≡ヴァニティケース≡

「やっぱり私、鈴奈さんと会うべきなのよ。それが例え、私の根幹を揺るがすことになっても!」


 とうに記憶の隅へ追いやられていた筈の、あのロココ調の浮き彫りが美鈴の脳裏に映し出された。そう、隅々まで精緻に施された彫り物が、もし高価な象牙だったとすれば、そして埋め込まれたガラス玉が仮に全て本物の宝石だったとすれば……。
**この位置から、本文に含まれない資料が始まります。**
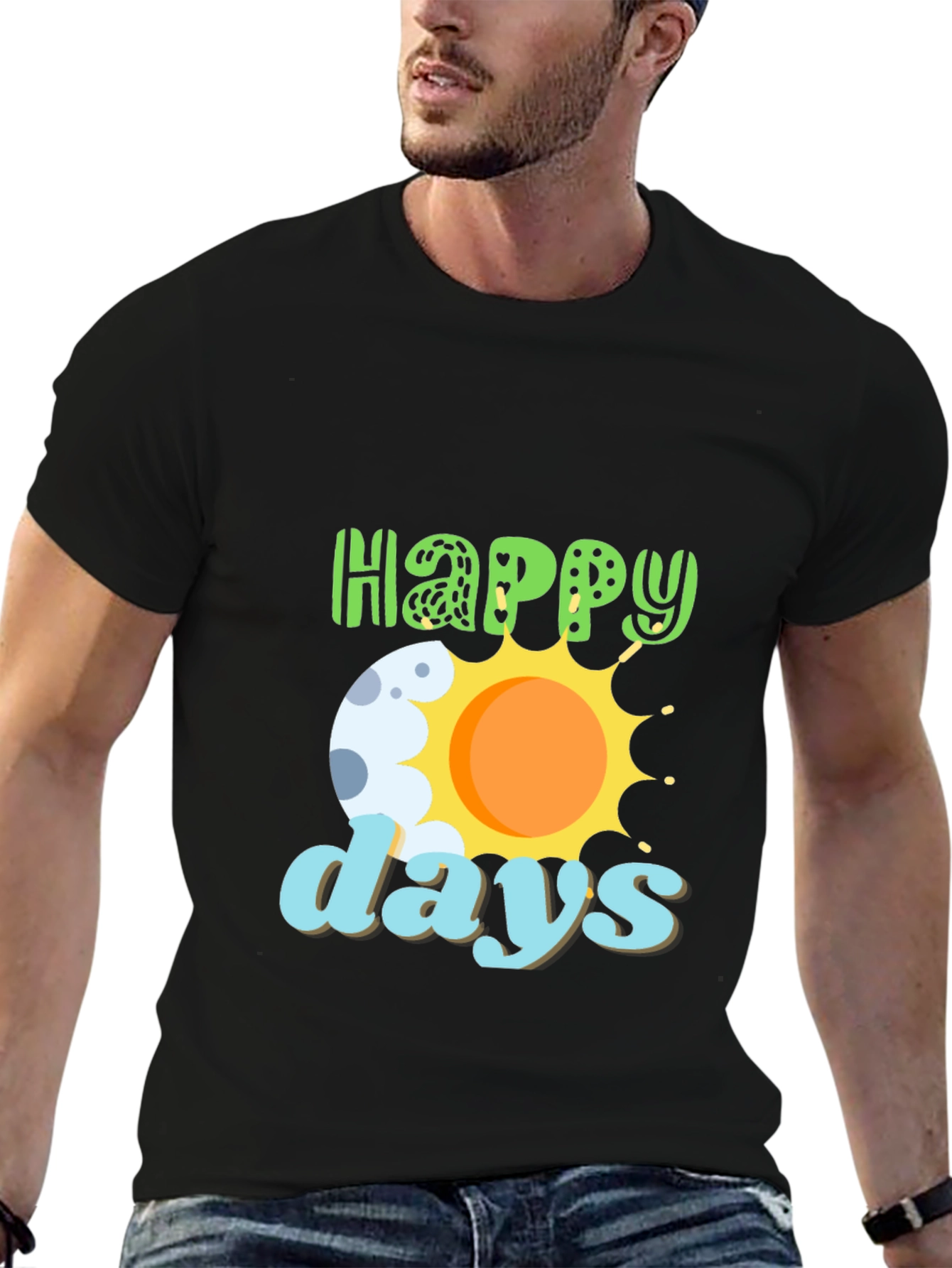 Happy Days Graphic T-Shirt - Trendy Crew Neck Tee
それは海運王の令嬢が持つに相応しい品物なのではないだろうか。


 あの部屋にどういった経緯でもたらされたのか、その理由は想像の域を超えるが、件のヴァニティケースは今も天袋の奥で息を潜めている。物言わぬ箱は、この瞬間も自分の出番を待ちわびているのかも知れない。
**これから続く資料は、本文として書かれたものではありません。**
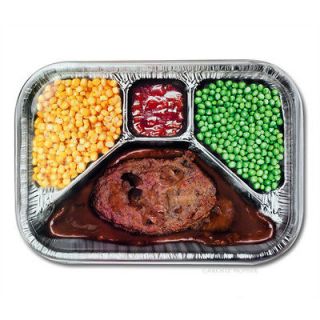 TV Dinner Metal Serving Tray Metal Meat Pea Corn Gag Gift Novelty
「でも、鈴奈さんに会うには、もっと別の角度から調査し直すべきね」


 狐を狩りたくば狐の気持ちを理解するしかない。虎の子を得たくば虎の穴に入るしかない。いわんやストーカーも然りである。逃げてばかりでは解決しないのだ。


 美鈴は電車を降り、夕闇の街を颯爽と歩き出す。


「ヒロインが弱いとは限らないのよ」


 そう呟いた彼女を突然の通り雨が襲ったが、その激しい雨音さえ、美鈴には自分に贈られる喝采にしか聞こえ無かった。